On Nov 27, 2006, at 6:51 PM, Jeff C wrote:
Yep, I left out the detail about making sure the index was
correct, as that wasn't the original question.
Yes, you have to watch the i++ if you've changed the array as you
could end up with the wrong index on the next iteration.
On Nov 27, 2006, at 9:48 PM, John Stiles wrote:
On Nov 27, 2006, at 6:40 PM, Jeff C wrote:
On Nov 27, 2006, at 12:45 PM, Sean McBride wrote:
On 2006-11-27 09:22, Matt Neuburg said:
What I would do is:
int i,u=[myArray count];
for (i=0; i<u; i++)
Be careful using this pattern if myArray is mutable and the
contents are changing during iteration.
The value of u must be updated or you may run past the end of
the array and get an exception.
I generally use the form
for ( i=0; i < [theArray count]; i++ )
when i'm not using NSEnumerator and hope that the implementer
was smart enough to make the -count method as fast as possible.

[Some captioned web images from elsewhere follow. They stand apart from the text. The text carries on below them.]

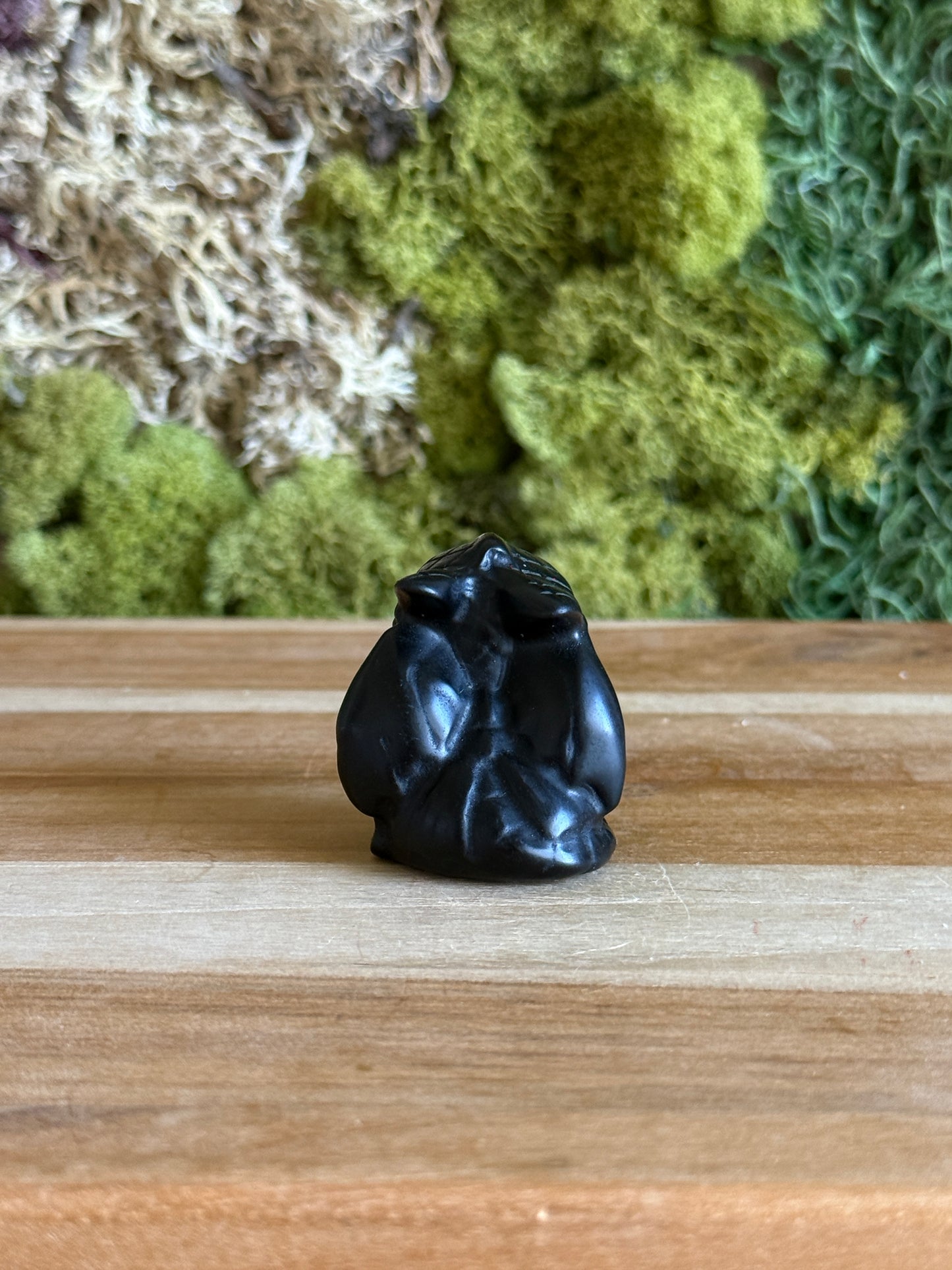 OBSIDIAN TOOTHLESS
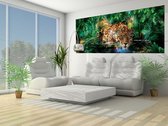 Leopard In Jungle Photo Wallcovering
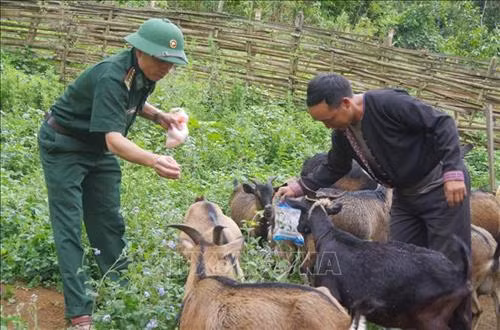 Bác sỹ quân y Bộ đội Biên phòng tỉnh Quảng Nam khám bệnh cho người dân xã biên giới Ga Ry, huyện Tây Giang. Ảnh: Đỗ Trưởng – TTXVN Cán bộ, chiến sỹ Đồn Biên phòng cửa khẩu Quốc tế Tây Trang (Điện Biên) tuyên truyền chủ trương, chính sách cho nhân dân xã Na Ư - địa bàn phức tạp về tệ nạn ma túy. Ảnh: Trần Việt – TTXVN Cán bộ Đồn Biên phòng Huổi Luông (Lai Châu) chủ động, tích cực bám dân, bám bản, tham gia giúp sức cùng đồng bào dân tộc thiểu số sở tại phát triển kinh tế. Ảnh: Việt Hoàng – TTXVN Lực lượng bộ đội và công an hỗ trợ người dân trong vùng đặc biệt nguy hiểm của mưa lũ di dời tài sản đến nơi an toàn tại huyện Văn Chấn, tỉnh Yên Bái. Ảnh: Tuấn Anh –TTXVN Cán bộ Đồn 519 (Bộ đội Biên phòng tỉnh Nghệ An) dạy chữ cho trẻ em dân tộc Mông ở bản Huồi Mới 1, xã Tri Lễ, huyện Quế Phong. Ảnh: TTXVN Cán bộ, chiến sĩ Đồn Biên phòng Huổi Luông (tỉnh Lai Châu) chủ động, tích cực bám dân, bám bản, tham gia giúp sức cùng đồng bào dân tộc thiểu số sở tại phát triển kinh tế. Ảnh: Việt Hoàng – TTXVN Hơn một năm, Thiếu úy Vàng Lao Lừ, Đồn Biên phòng Mường Lạn đã đưa con chữ tới với bản vùng cao xa xôi Co Muông, xã Mường Lạn, huyện Sốp Cộp (Sơn La) để dạy cho học sinh nơi đây. Sau một năm học, 100% các em đều đã biết đọc, biết viết và tính được những phép toán đơn giản. Ảnh: Nguyễn Hồng Cường – TTXVN Cán bộ, chiến sĩ các đơn vị thuộc Quân đoàn 3 giúp nhân dân làng Plei Trớ, xã Chư A Thai, huyện Phú Thiện, tỉnh Gia Lai di chuyển, sắp xếp lại nhà cửa, thực hiện Chương trình mục tiêu quốc gia về xây dựng nông thôn mới của huyện. Ảnh: Hoài Nam – TTXVN Trong sự nghiệp đổi mới, xây dựng và bảo vệ Tổ quốc, công tác dân vận đã hướng vào vận động các tầng lớp nhân dân hăng hái tham gia các phong trào thi đua thực hiện nhiệm vụ phát triển kinh tế - xã hội, củng cố quốc phòng - an ninh, xây dựng hệ thống chính trị. Trong ảnh: Cán bộ, chiến sĩ Đồn Biên phòng Dào San, huyện Phong Thổ, tỉnh Lai Châu thường xuyên xuống bản tuyên truyền cho nhân dân về giữ gìn an ninh trật tự, phương thức phát triển sản xuất, nâng cao năng suất cây trồng, vật nuôi. Ảnh: Công Tuyên – TTXVN Cán bộ, chiến sĩ Đồn Biên phòng Vĩnh Gia (An Giang) giúp dân gặt lúa ở những vùng ngập sâu, máy gặt không thể tiếp cận do ảnh hưởng của lũ. Ảnh: Công Mạo – TTXVN Trưởng Ban Dân vận huyện Tân Uyên, tỉnh Lai Châu (thứ 3 bên trái) cùng cán bộ xã tuyên truyền vận động người dân bản Khau Giếng, xã Hố Mít, huyện Tân Uyên bỏ những phong tục, tập quán lạc hậu, cùng giúp nhau phát triển kinh tế, xóa đói giảm nghèo, chung tay xây dựng nông thôn mới. Ảnh: Quý Trung – TTXVN Cán bộ xã cùng trưởng bản Pá Kim, xã Trung Đồng, huyện Tân Uyên, tỉnh Lai Châu vận động người dân chung tay bảo vệ rừng, không đốt nương bừa bãi gây cháy rừng trong thời tiết hanh khô. Ảnh: Quý Trung – TTXVN Là Bí thư Chi bộ, Trưởng ban công tác Mặt trận thôn và là Phó Đài truyền thanh của xã, anh Đinh Văn Thắng, dân tộc Mường, thôn Nga 3, xã Cúc Phương, huyện Nho Quan (Ninh Bình) phối hợp với các ban, ngành, đoàn thể tuyên truyền, vận động nhân dân xây dựng nếp sống văn minh trong việc cưới, việc tang và lễ hội; từng bước xoá bỏ các phong tục, tập quán lạc hậu, mê tín dị đoan... Ảnh: Minh Đức – TTXVN Đồn Biên phòng Thị Hoa, huyện Hạ Lang, tỉnh Cao Bằng vận động một số tổ chức trong tỉnh đóng góp tiền xây tặng nhà tình nghĩa cho các gia đình chính sách, giúp đồng bào trồng mía, góp phần nâng cao đời sống cho nhân dân nơi đơn vị đóng quân. Ảnh: TTXVN Công ty 75 thuộc Binh đoàn 15 làm tốt công tác dân vận nơi đơn vị đóng quân. Đơn vị đã kết nghĩa 43/43 làng dân tộc tại địa phương, tổ chức thăm hỏi, tặng quà cho đồng bào, đóng góp hàng nghìn công lao động làm đường giao thông, xây dựng nhà rông văn hóa, khám chữa bệnh cho hàng nghìn lượt người... Ảnh: TTXVN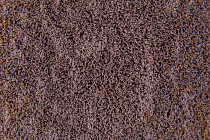 Flotex Colour Canyon 50*50 t 545026 Canyon Garnet фото 2 | FLOORDEALER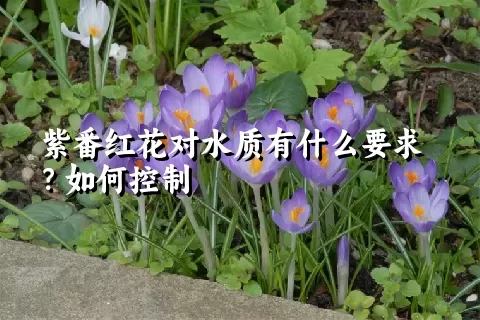 紫番红花对水质有什么要求？如何控制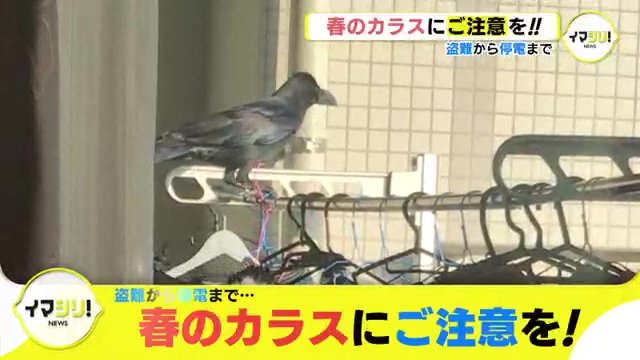 盗難から停電まで…　春のカラスにご注意を！　|　RCC NEWS | 広島ニュース | RCC中国放送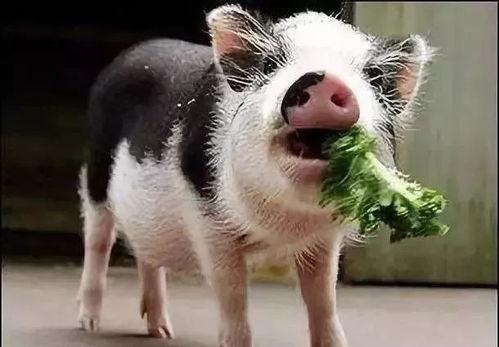 吃瓜小猪特效怎么做的视频,跟随视频学习特效制作技巧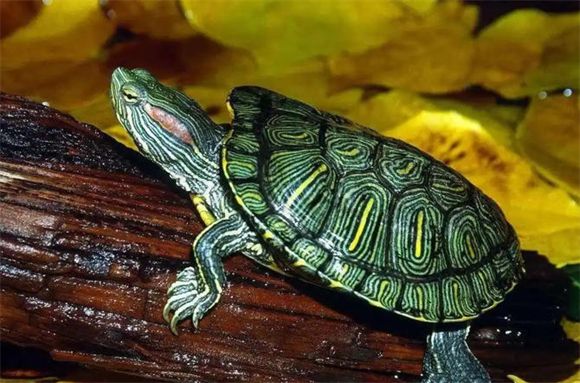 手把手护理指南:巴西红耳龟腐皮病的温柔疗愈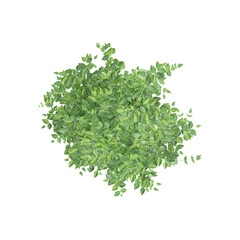 Isolated green bower vine leaves on transparent bacnkground from the top view
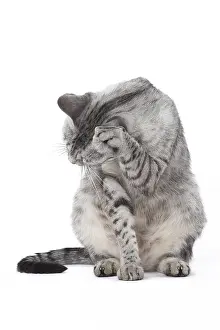 Maus: Egyptian Mau cat in the studio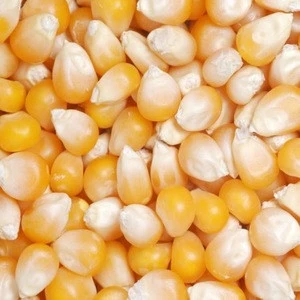 Yellow Corn, Maize for Animal Feed, Yellow Popcorn for Sale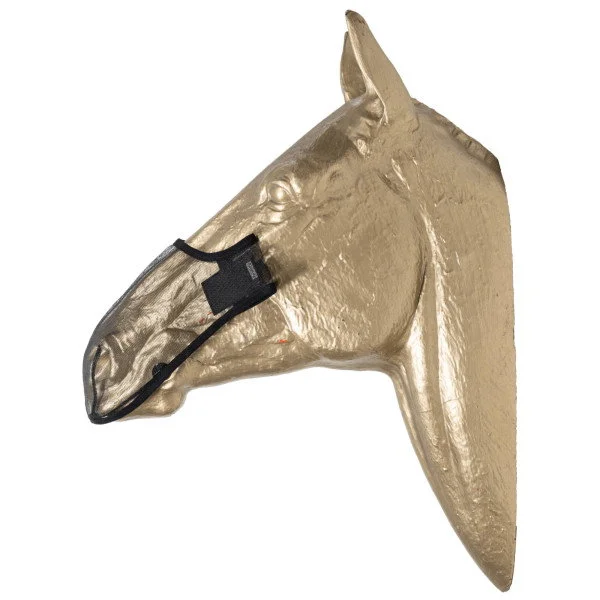 fundis-equestrian202607250149123305363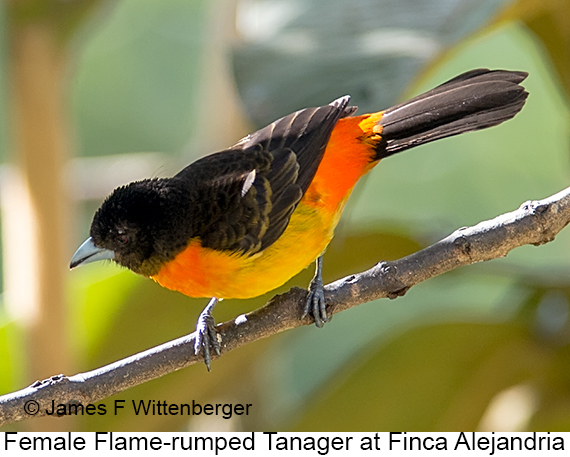 Flame-rumped Tanager - © James F Wittenberger and Exotic Birding LLC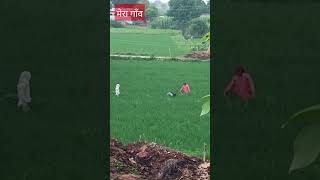 मेरा गाँव केसा लगा आप सभी देशवासियों को#video ko subscribe karna na Bhule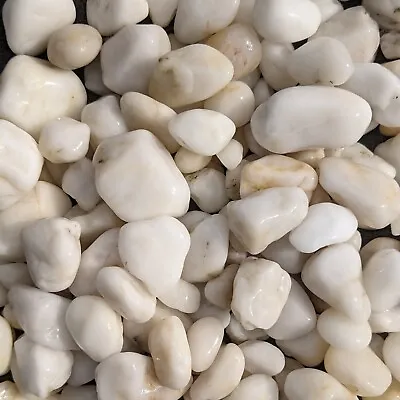 £2.99 • Buy 100g Natural White Pebbles Stones Decorative Home Garden Plant Fish Tank  5-10mm
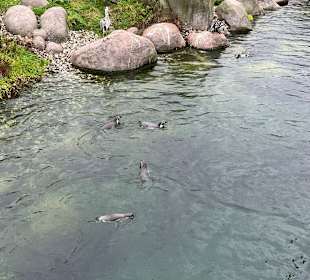 Wildlands Zoo in Emmen 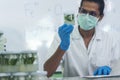 Biochemistry asian Scientist men working plants tissue culture biotechnology in science lab. Biotech Laboratory asian man look at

Granted, that's probably not a good assumption if you're trying
to squeeze every last cycle out of the machine, but for most of
the applications I write, the sacrifice of performance is worth
it to avoid bugs.
If you are mutating the array and inserting or removing elements
inside the for loop, you may still have bugs even if you call -
count each time.
For instance, if you delete the object at the current index
inside the loop, you will skip over the next object in the array.
Imagine i=2:
0: object A
1: object B
2: object C <-- i == 2 so it references this object
3: object D
4: object E
And we delete object 2. Then on the next iteration through the
loop, we have:
0: object A
1: object B
2: object D
3: object E <-- i == 3 so it references this object
Object D was never seen because the array contents shifted over.